著作隣接権とは
著作隣接権は、作者ではなく著作物を伝達する人間に発生する権利です。
「著作者隣接権」ではないので注意してください。
(「著作者」に発生する権利ではない)
著作隣接権者になれるのは実演家、レコード製作者、放送事業者の三者です。
実演家の権利
実演家というのは著作物を具体的に表現する人のことです。
例えば脚本をもとに演じる役者、楽譜をもとに音楽を演奏する楽器演奏者などです。
演技や楽器演奏などを著作物の実演といいます。
実演家は他の著作隣接権者とは違い、自らの思想感情を表現する余地が多分にあります。
そのため実演家にも人格権(実演家人格権)が認められています。
ただし著作者人格権とは権利の中身が異なり、著作者人格権よりも弱い権利となっています。
実演家人格権は著作者人格権と同じく人格権の一種ですが、説明の都合上このページで説明しています。
(⇒著作者人格権)
実演家人格権
- 氏名表示権
- 実演を公衆に提示する際に、氏名(あるいは変名)を表示するかしないかを決めることができる権利
(変名=ペンネームなどのこと) - 同一性保持権
- 名誉、声望を害する形で実演を改変されない権利
実演家には公表権はありません。
同一性保持権は、著作者人格権にあった名誉声望保持権が合体していて、名誉や声望を害する改変をされない権利になっています。
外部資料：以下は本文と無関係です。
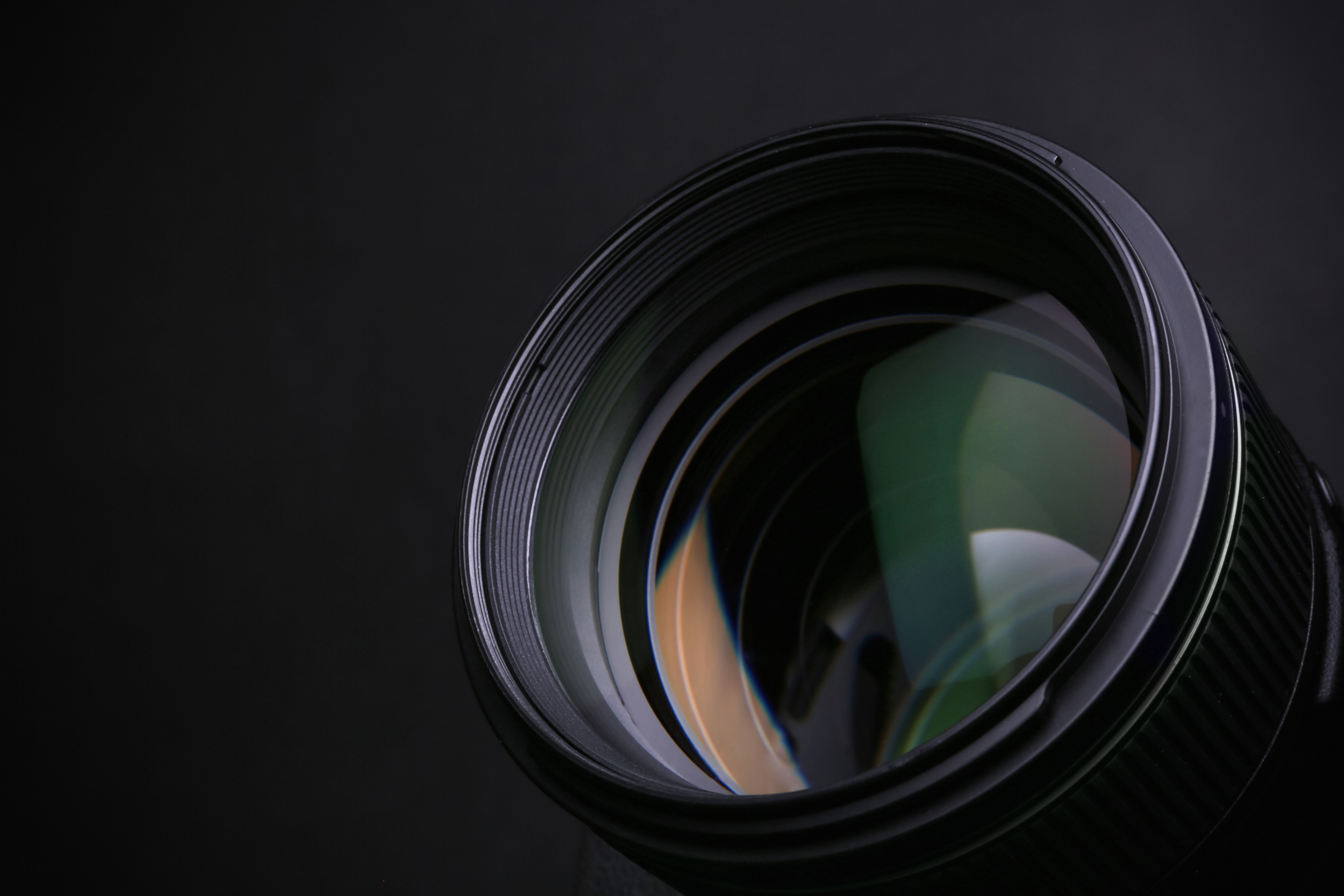Close-up of a camera lens against a dark background.
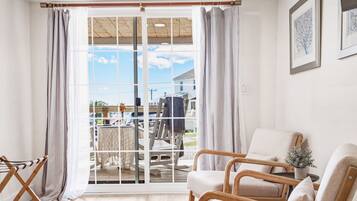 A room with a sliding glass door leading to an outdoor deck, a cushioned chair, a small table with a vase, and a framed picture on the wall.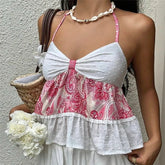 Woman wearing a pink and white patterned dress with a plain background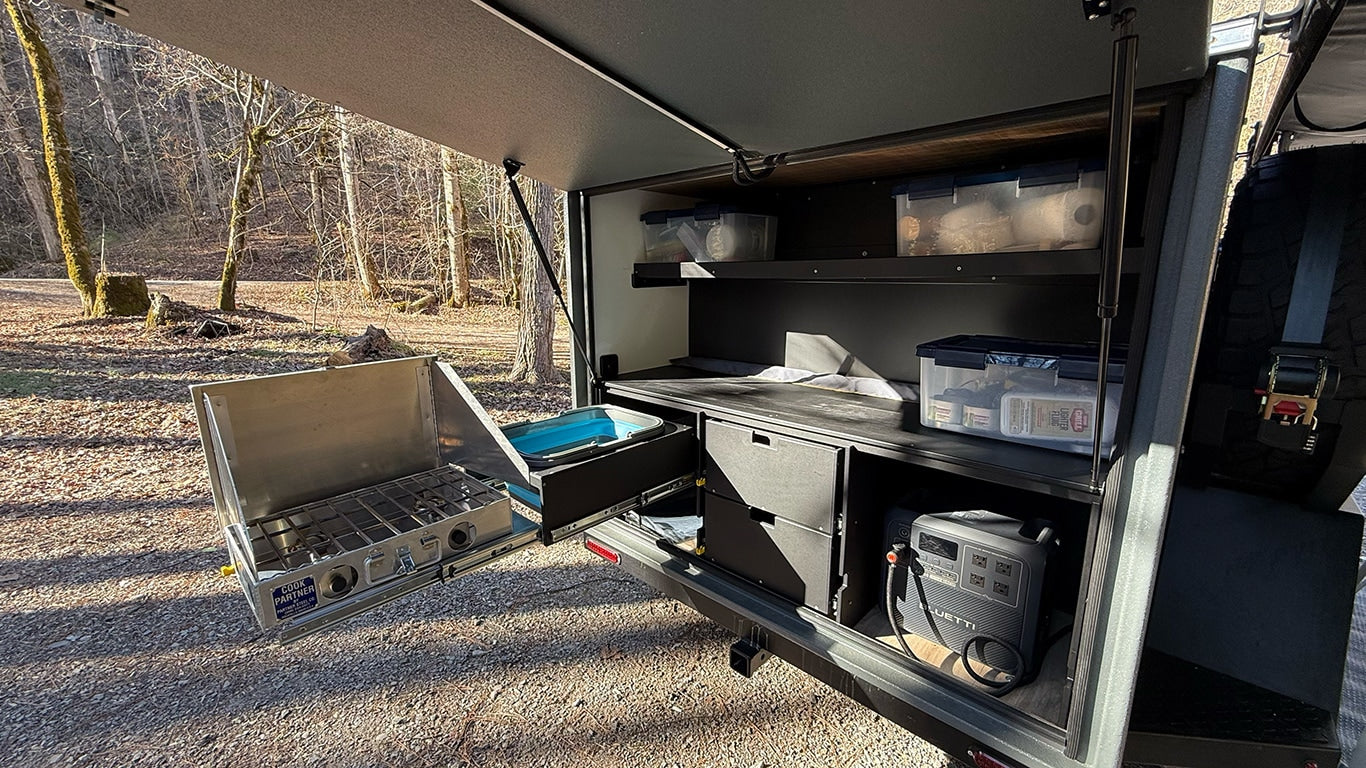 RV rental camp kitchen: pull-out stove, sink, organized storage, and BLUETTI power station for outdoor cooking & adventure.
「意に反する改変」を禁止する権利は実演家にはありません。
改変が行われていない場合、名誉を害するような表現が行われても著作権法上は侵害とはなりません。
著作権法上は違法にならないとしても、名誉毀損罪や侮辱罪、民法の一般不法行為に該当する可能性はあります。
氏名表示権は「公正な慣行に合致する場合」は実演家の利益を害するような場合であっても省略が可能になっています。
例えば音楽などは楽器の演奏者が全て表示されてることのほうが少ないですから、実演家が表示してくれと主張していても認められない可能性が高いでしょう。
(もちろんケースバイケースです)
実演家の著作隣接権
- 録音権、録画権
- 実演を録音、録画する権利
(複製も録音、録画に含まれる)
ただし映画に出演する場合にはこの権利はない。(※)
映画のサントラを発売する場合はこの権利はある。 - 放送権、有線放送権
- 実演を放送する権利(※)
インターネット生放送などは著作権法上の「放送」には含まれない。 - 送信可能化権
- 実演をネット上で公開する権利(※)
- 譲渡権
- 実演を録音、録画されたものを公衆に譲渡(販売も含む)する権利(※)
ただし一度適法に譲渡されたものはそれ以降は譲渡権は及ばない。 - 貸与権
- 実演が録音されたものを公衆に貸与(貸すこと)する権利
ただしこの権利は発売から1年まで有効。 - 報酬請求権
- 商業用レコード(CDとか)が放送で使用された場合に使用料を受け取る権利
商業用レコードが貸与された場合に使用料を受け取る権利
ワンチャンス主義
上の表で「※」が付いているものは、権利の制限があります。
これは、実演家(正確には録音、録画権を持つ人)から、許諾を受けて録音、録画がされた場合にはその権利が及ばないというものです。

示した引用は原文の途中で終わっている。